Solve by substitution: ${\begin{matrix} 2 x + y & = & - 3 \\ 3 x - 2 y & = & - 8 \end{matrix}$ .

Solution:

Solve for either variable in either equation. If you choose the first equation, you can isolate y in one step.

$\begin{matrix} 2 x + y & = & - 3 \\ y & = & - 2 x - 3 \end{matrix}$

Substitute the expression $- 2 x - 3$ for the variable y in the other equation.

$3 x - 2 (- 2 x - 3) = - 8$

This leaves us with an equivalent equation with one variable, which can be solved using the techniques learned up to this point.
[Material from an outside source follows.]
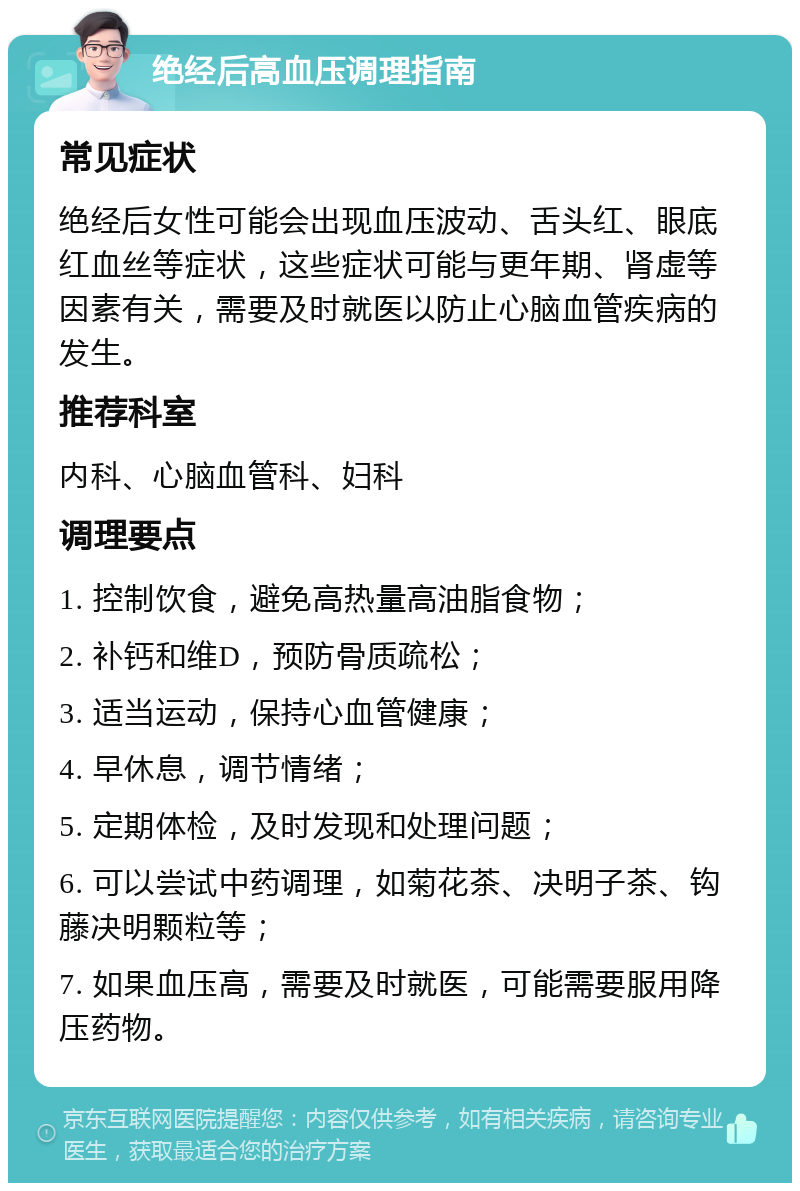 绝经后高血压调理指南 常见症状 绝经后女性可能会出现血压波动、舌头红、眼底红血丝等症状，这些症状可能与更年期、肾虚等因素有关，需要及时就医以防止心脑血管疾病的发生。 推荐科室 内科、心脑血管科、妇科 调理要点 1. 控制饮食，避免高热量高油脂食物； 2. 补钙和维D，预防骨质疏松； 3. 适当运动，保持心血管健康； 4. 早休息，调节情绪； 5. 定期体检，及时发现和处理问题； 6. 可以尝试中药调理，如菊花茶、决明子茶、钩藤决明颗粒等； 7. 如果血压高，需要及时就医，可能需要服用降压药物。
Solve for the remaining variable.

$\begin{matrix} 3 x - 2 (- 2 x - 3) & = & - 8 \\ 3 x + 4 x + 6 & = & - 8 \\ 7 x + 6 & = & - 8 \\ 7 x & = & - 14 \\ x & = & - 2 \end{matrix}$

Back substituteOnce a value is found for a variable, substitute it back into one of the original equations, or its equivalent, to determine the corresponding value of the other variable. to find the other coordinate. Substitute x = −2 into either of the original equations or their equivalents. Typically, we use the equivalent equation that we found when isolating a variable in the first step.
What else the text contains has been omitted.